Photos taken in collaboration with Ang Wei Ming

Ah, breastfeeding – a topic that touches all mums personally. Breastfeeding is a really personal subject. As a new mum, I had heard much about how painful and tough it can be. But like everything, one can only appreciate the difficulty after you have experienced it.

I’m no lactation expert, and there’s plenty of available literature on how to overcome challenges such as improper latching or low milk supply, so I won’t belabour those points.

What I do want to share is what got me through my challenges as I grappled with believing that I could give my baby the “liquid gold” he needed.


Breastfeeding is quite an isolating experience. On most occasions, I would find myself alone in the room, trying to latch my baby as he squirmed or fussed on one breast, while making sure that the contraption holding the letdown milk on the other breast wouldn't drop and waste what little breast milk I had.

This activity, in my humble opinion, should qualify as some kind of Olympic sport or circus act.

In the nights, it required summoning all my strength to wake up diligently at 3 a.m. to express milk because despite one's tiredness, your motherly instincts take over to ensure that you are feeding your child.

But imagine, after 30 minutes of pumping alone in the dark while you watch your sleeping husband with envy, you yield a grand total of 50ml of breastmilk. All the effort and fatigue – and it wasn’t even enough for one feed! Not to mention needing to wash all the pump parts before I could go back to sleep.

There were many moments like this that I really wanted to give up.



What helped get me through the toughest stretches of the journey was a support network of mums who were going through the same experience.

Besides advice on tips and tricks to breastfeed well, the main benefit, I believe, was just having other people who could relate to the painful challenges. We just needed some emotional support to get us through the trying moments.

I would like to share some collective wisdom that saw me through:

1. Don’t obsess over the “right” technique

As a new mum, you will get schooled on latching techniques, many of which are really very helpful.

However, my main takeaway from the entire experience is that what works for others may not work for you. That said, it's true that wrong techniques will hurt your nipples, so it's best to ask for feedback from a specialist if you're in prolonged discomfort.

After giving birth to my son, it looked like I was on the right track with latching him. However, his mouth's position differed from diagrams of the “correct” latching position.
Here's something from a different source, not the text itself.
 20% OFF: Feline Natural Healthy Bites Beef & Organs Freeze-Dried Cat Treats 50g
Concerned, I went to see a lactation consultant to get advice on how I could improve on my technique. The consultation seemed helpful, but when I got home and tried out the tips I was given, I still couldn't get my baby to latch correctly.

As such, it became a very frustrating experience for both of us, and I even contemplated just feeding him my breast milk through a bottle.
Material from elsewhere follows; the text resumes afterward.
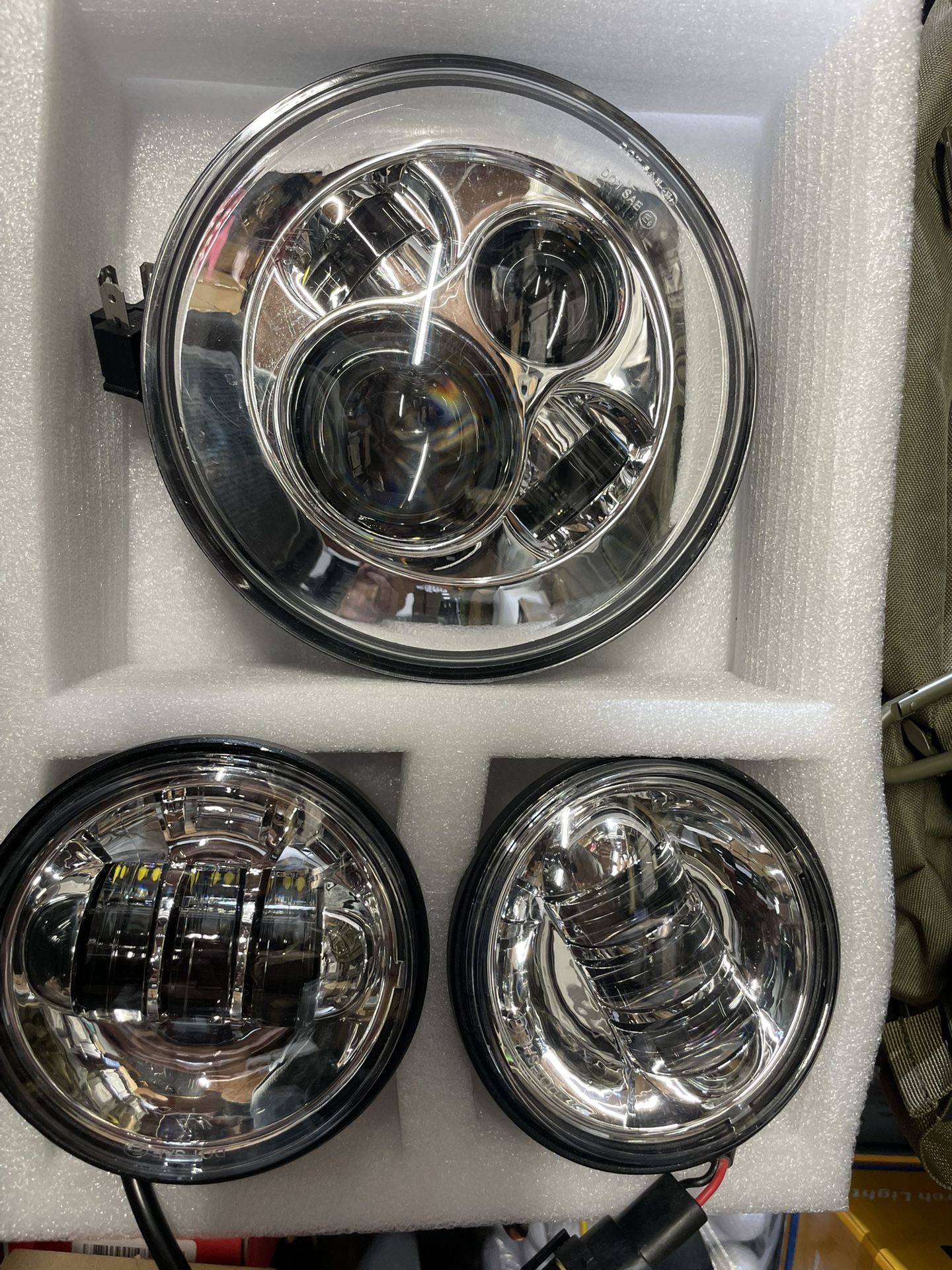 Set Of Chrome Headlight And Passing Lights LED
Thankfully, I persisted, exploring my own techniques of latching until I found one that worked and never looked back.


2. Don’t let the measurements get you down

As humans, we compare, reference and benchmark against what is “normal”. That is how we get a sense of whether we are on the “right track”.
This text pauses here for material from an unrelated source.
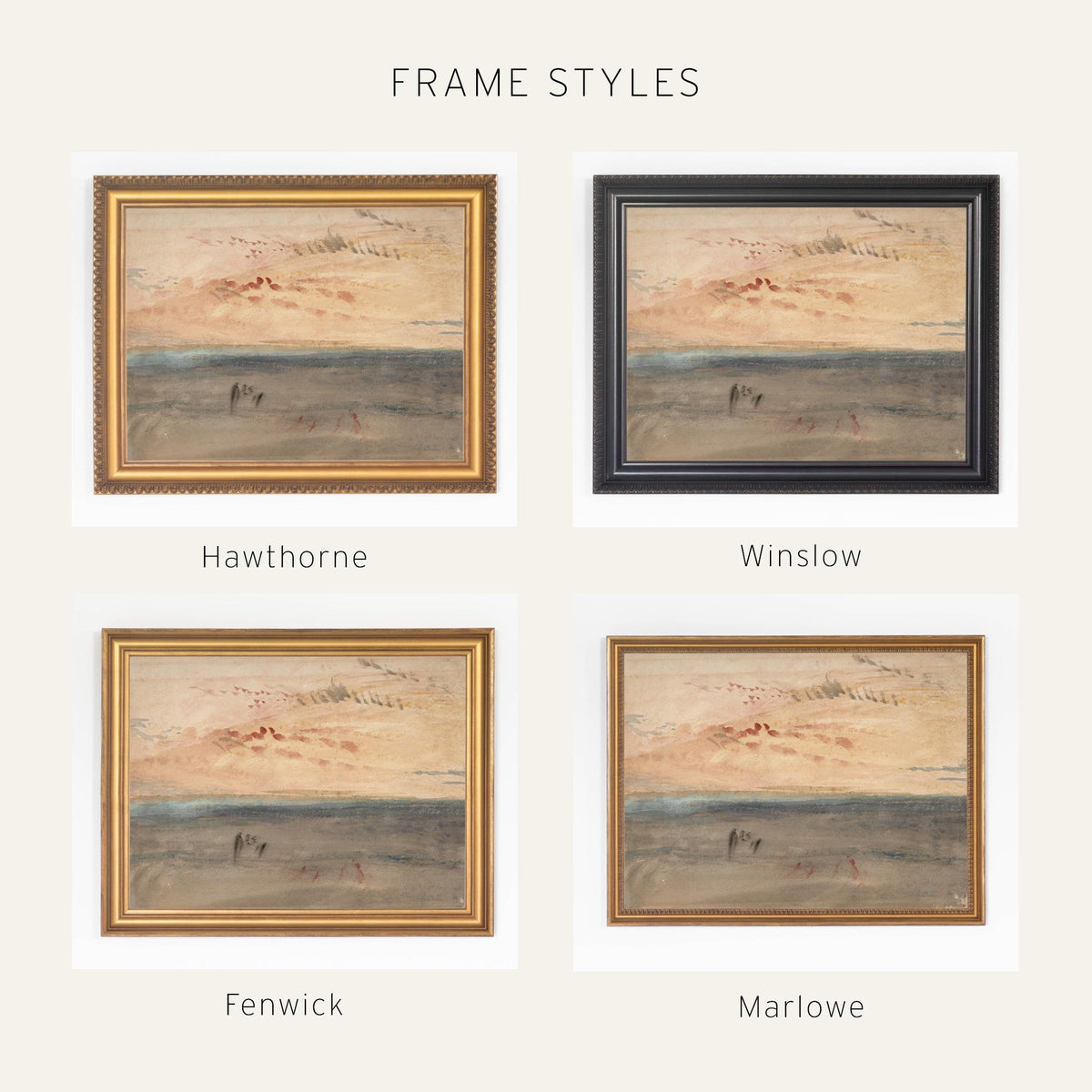 Ocean Sunset Painting in an Ornate Gold Frame | Soft Watercolor Seascape for the Living Room | Framed Canvas Art | N134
This “track”, however, can be very demoralising when you learn that your milk supply is lower than what others are pumping or is less than what your baby “should be” having.

I wasn’t expressing a lot of breast milk at the start, hence it would get to me when I saw people having so much excess milk to donate. My postpartum massage lady would tell me about how some of her other customers had so much breast milk, which, for a while, made me feel bad.

"It's okay lah," she would say to me. "You can supplement with formula."

I did take her advice anyway, and during those formula feeds, I left the feeding to my husband and treated myself to a nice, relaxing nap. Not a bad suggestion at all.

Today, my supply is much more adequate and I am able to feed my baby with breast milk entirely – it saves on the formula too.

3. You are enough

This final one is simple, and yet possibly the hardest to grasp. When the going gets hard, hold firmly to this belief and put all that self-doubt to rest. We've got some breastfeeding to do!